* Provided data *
((

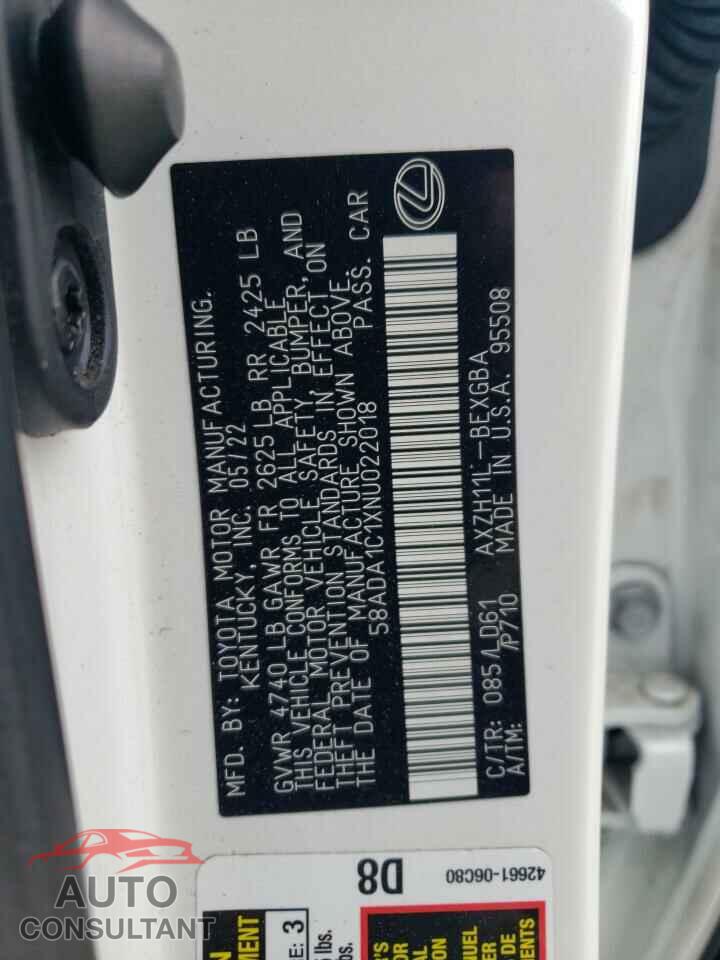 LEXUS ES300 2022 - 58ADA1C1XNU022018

))
((

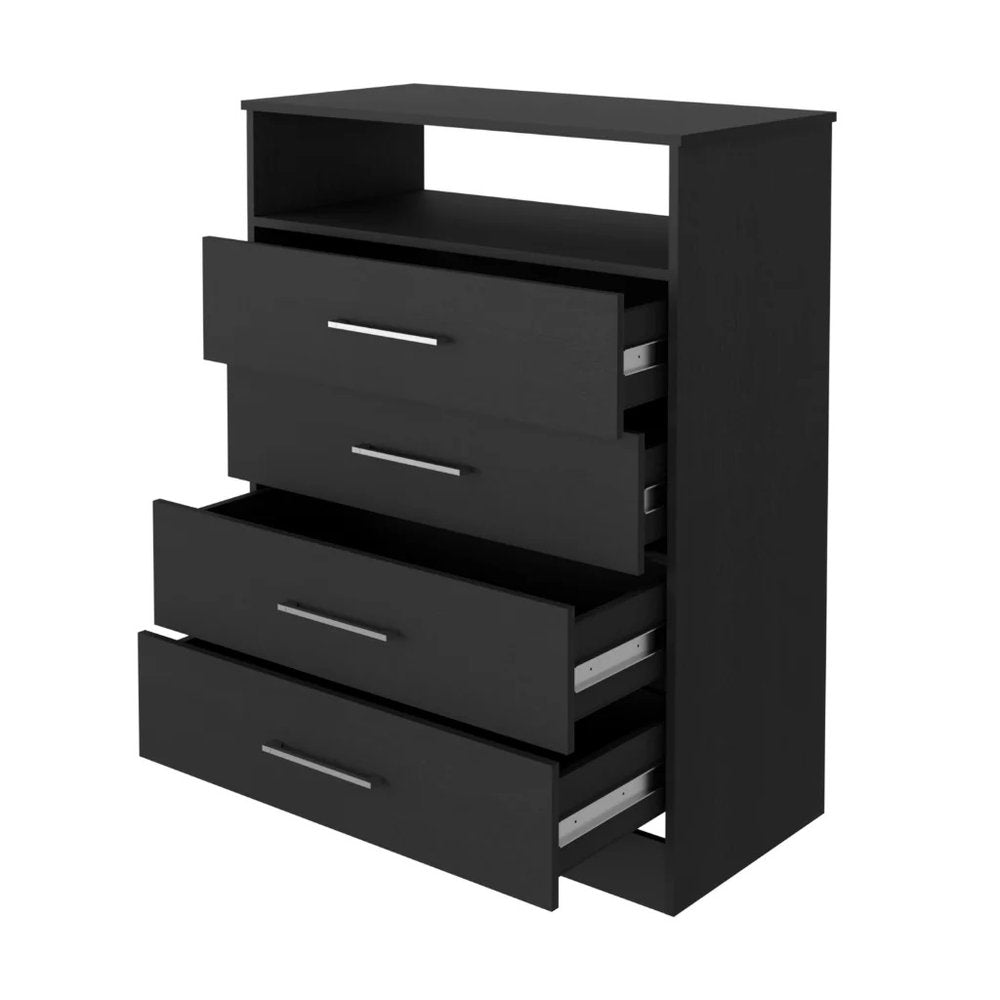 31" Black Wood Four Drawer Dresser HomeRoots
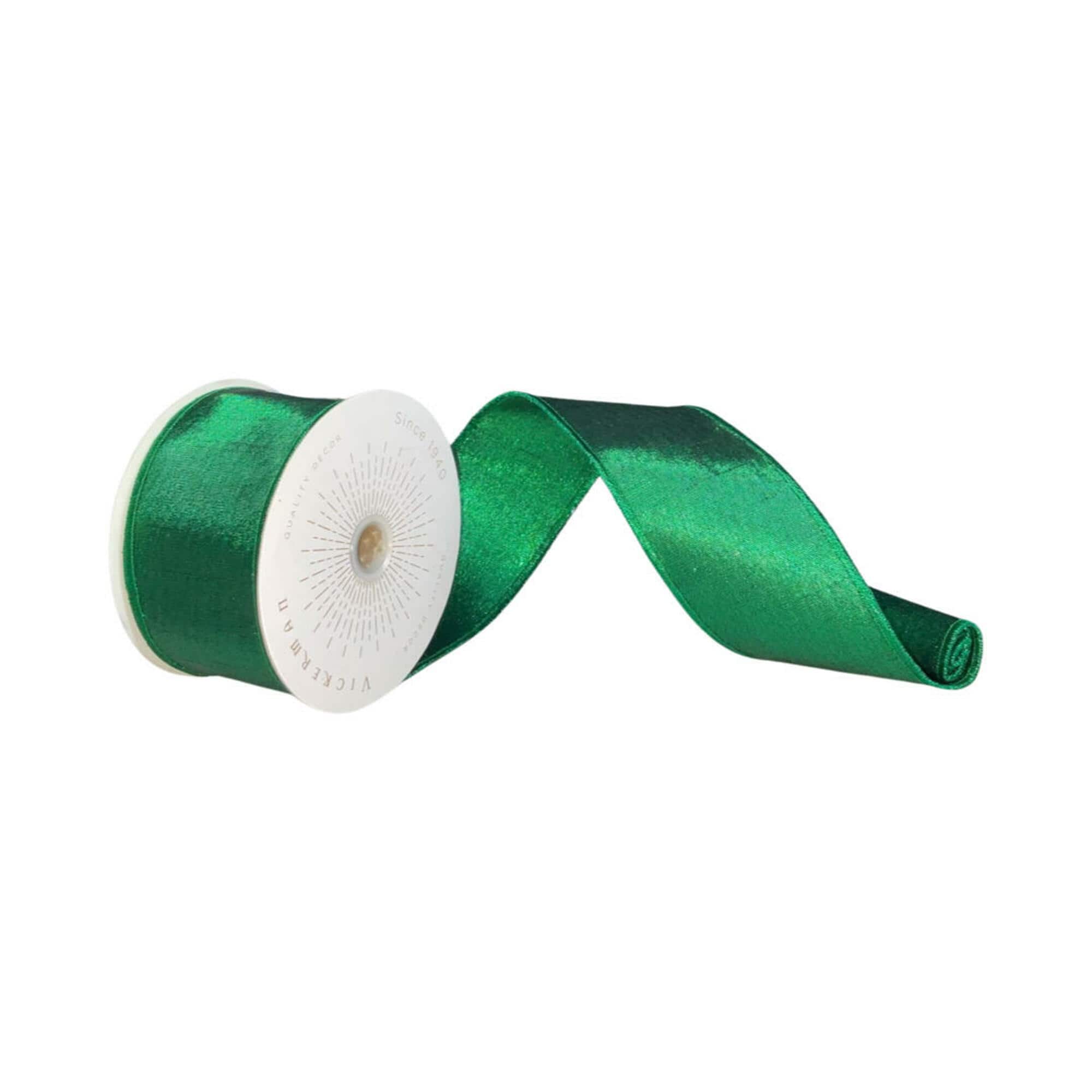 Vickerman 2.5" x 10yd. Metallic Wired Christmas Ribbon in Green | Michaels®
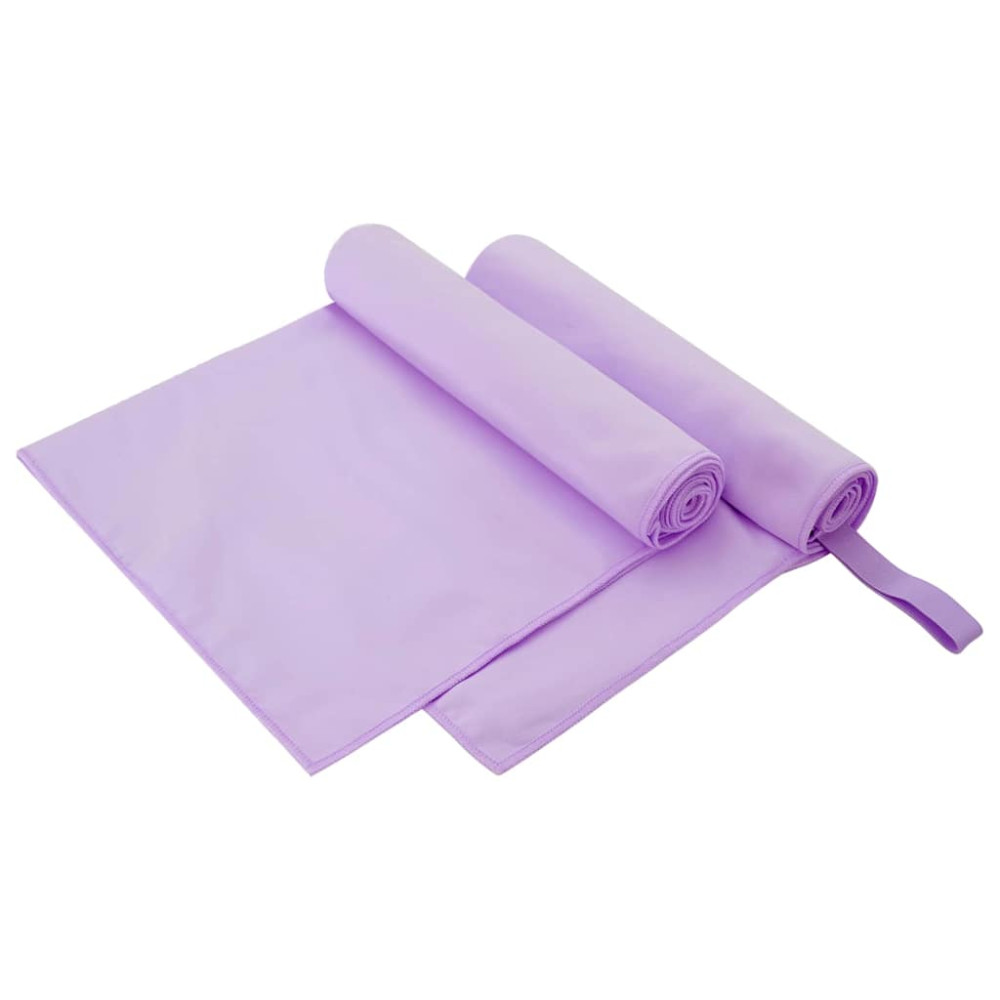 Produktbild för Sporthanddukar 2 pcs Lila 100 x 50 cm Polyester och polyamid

))
((

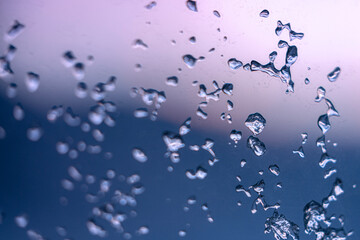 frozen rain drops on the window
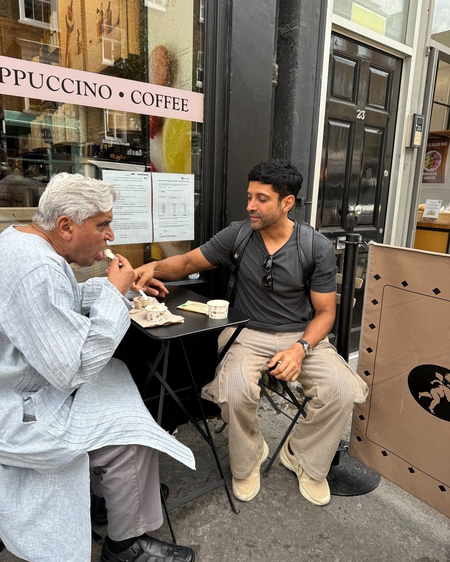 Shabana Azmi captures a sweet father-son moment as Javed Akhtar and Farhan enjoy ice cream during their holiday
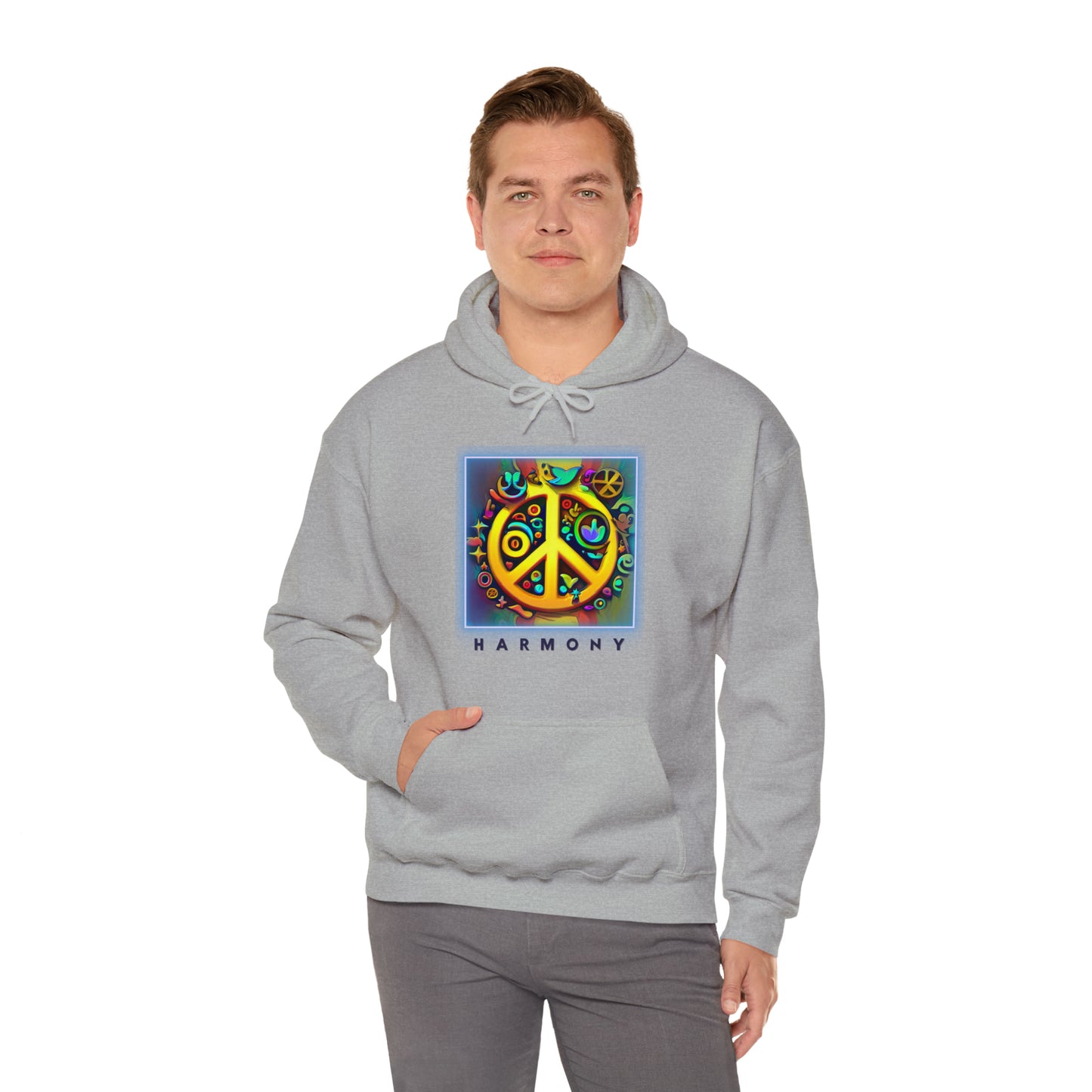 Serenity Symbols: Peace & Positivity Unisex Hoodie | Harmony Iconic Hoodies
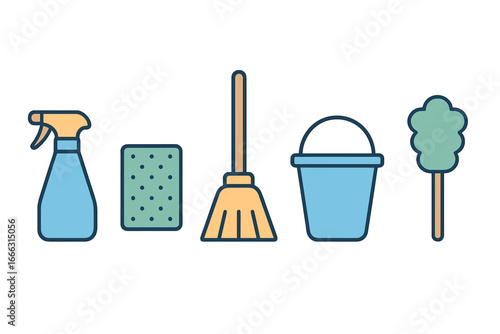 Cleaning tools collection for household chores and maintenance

))

From the data above, retype only the lines starting with the line with "Drawer Dresser HomeRoots" and going on through the line with "Produktbild för Sporthanddukar", exactly, leaving out the pictures.

* Exercise solution *
 31" Black Wood Four Drawer Dresser HomeRoots
 Vickerman 2.5" x 10yd. Metallic Wired Christmas Ribbon in Green | Michaels®
 Produktbild för Sporthanddukar 2 pcs Lila 100 x 50 cm Polyester och polyamid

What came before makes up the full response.